Hello readers. It’s Monday 13 June, the sun is shining, the bees are buzzing, the sound of leather on willow is ringing around local parks and Fiver checks fixture list the football season still hasn’t effing finished! Yes, by the time you read this, Kazakhstan v Slovakia will be seamlessly rolling into Azerbaijan v Belarus in a Nations League C3 double-header whose main use appears to be helping us fill our word count. There are more matches later on too but, to be honest with you, we’re about as keen to check them as England and Italy players appeared to be about entertaining a crowd of 2,000 schoolchildren at Molineux on Saturday. That tired and tepid encounter predictably ended 0-0, the highlight of which was the high-pitched booing at full-time – proof that the next generation of English crowds with a sense of entitlement is safe and well.

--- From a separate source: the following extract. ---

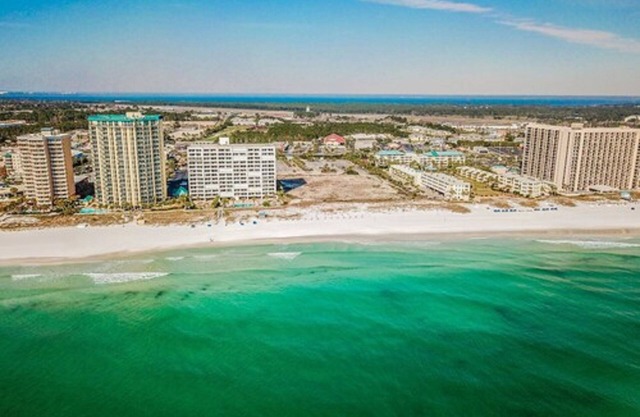 Days Inn by Wyndham Destin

“There’s been a little bit of a lack of sharpness in [attacking] areas across the three matches,” sniffed Gareth Southgate afterwards, as his groaning players crawled back to their beds to prepare for another game against Hungary. To be fair to Southgate and other sensible managers around Europe, some overworked squad members have not been force-fed the overcooked four-course Nations League meal. But in a year when the domestic European season is kicking off early to clear space for a controversial World Cup earmarked as a winter edition for just the seven long years, Uefa might have thought harder about how to schedule its most pointless tournament [yeah, we’re actually digging Tin Pot – Fiver Ed]. Mind you, some of their bigwigs do tend to go missing when they have important things to sort out.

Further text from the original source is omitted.